Z artykułu dowiesz się
- Jak wygląda uprawa jęczmienia w gospodarstwie państwa Jakubiaków?
- Na jakie odmiany jęczmienia postawili państwo Jakubiakowie?
- Dlaczego państwo Jakubiakowie postawili na uprawę jęczmienia?
Z artykułu dowiesz się
Państwo Jakubiakowie w tym sezonie zasiali 3 gatunki roślin ozimych: jęczmień, pszenicę i rzepak. Zapytaliśmy gospodarzy o to, jak prezentują się one na początku lutego 2023 r.
– Jęczmień prezentuje się bardzo dobrze. Obsada jest odpowiednia i rośliny wyglądają na zdrowe. Kondycję pszenicy oceniłbym jako dobrą. Zauważalne są już pewne niedoboru azotu, ale uważam, że po zastosowaniu nawożenia azotowego rośliny poradzą sobie bardzo dobrze. Natomiast stan naszych rzepaków ogólnie jest słaby. Za mało było wody w glebie w okresie wschodów, które przebiegały bardzo nierównomiernie. Praktycznie przez blisko 4 tygodnie po siewie nie spadła u nas ani kropla deszczu. Jesienią w miejscach zagłębionych rośliny wyglądały dobrze, a w miejscach gliniastych położonych wyżej znacznie gorzej. W tych newralgicznych miejscach rośliny wypadły całkowicie. Na jednej z działek, gdzie przeważa gleba gliniasta, prawdopodobnie będziemy musieli zlikwidować plantację rzepaku i w jego miejsce zasiejemy kukurydzę – mówi Arkadiusz Jakubiak.
Od kilku lat gospodarze wysiewają tylko hybrydowe odmiany jęczmienia, gdyż na ich polach sprawdzają się lepiej niż populacyjne. W sezonie 2021/2022 zasiana była odmiana SY Galileoo.
– Mamy zasiany jęczmień ozimy SY Baracooda. O wyborze tej odmiany zdecydowało grube ziarno. Część jęczmienia skarmiamy zwierzętom w postaci śrutowanej, a część w postaci gniecionego ziarna, a drobne ziarno nie sprawdza się w tej kwestii. Często nie zostaje zgniecione tylko przelatuje w całości. Tak mieliśmy wcześniej i sporo ziaren trafiało do paszy w całości. W związku z tym postanowiliśmy poszukać odmiany o grubym ziarnie i taka ma być SY Baracooda. Zobaczymy jak sprawdzi się faktycznie, ale nie zależy nam tak bardzo na wysokości plonu jak na wielkości ziarna – mówi Arkadiusz Jakubiak.

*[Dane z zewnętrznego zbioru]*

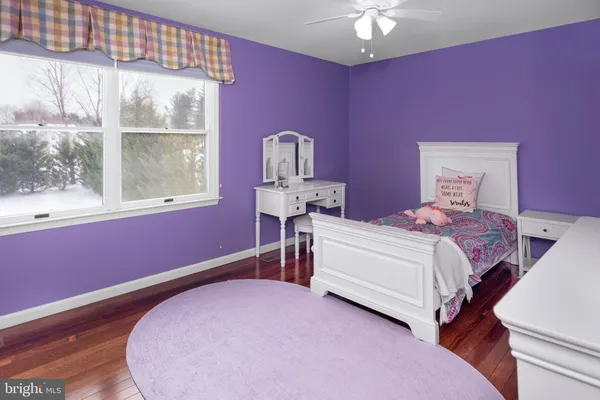 a bed room with a bed and a window
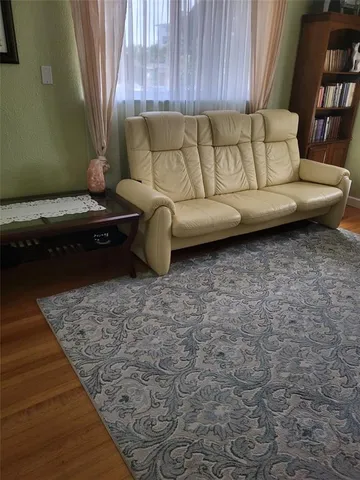 a living room with furniture and a rug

Gospodarze w zależności od stanowiska zbierają średnio między 7 a 8 t ziarna jęczmienia z ha. W obecnym sezonie jęczmień został zasiany 15 września w dawce niecałe 80 kg nasion na ha. Gospodarze rozważali przeprowadzenie zabiegu T0 w jęczmieniu, ale z niego zrezygnowali i nie żałują tej decyzji. Na roślinach nie widać porażenia chorobami grzybowymi.
Chwasty w oziminach państwo Jakubiakowie zwalczają jesienią. W 2022 roku zarówno w jęczmieniu ozimym, jak też w pszenicy ozimej zastosowali Expert Met 56 WG. Arkadiusz Jakubiak podkreśla, że dużym problemem w jego przypadku jest uprawa niezmeliorowanych gliniastych gruntów.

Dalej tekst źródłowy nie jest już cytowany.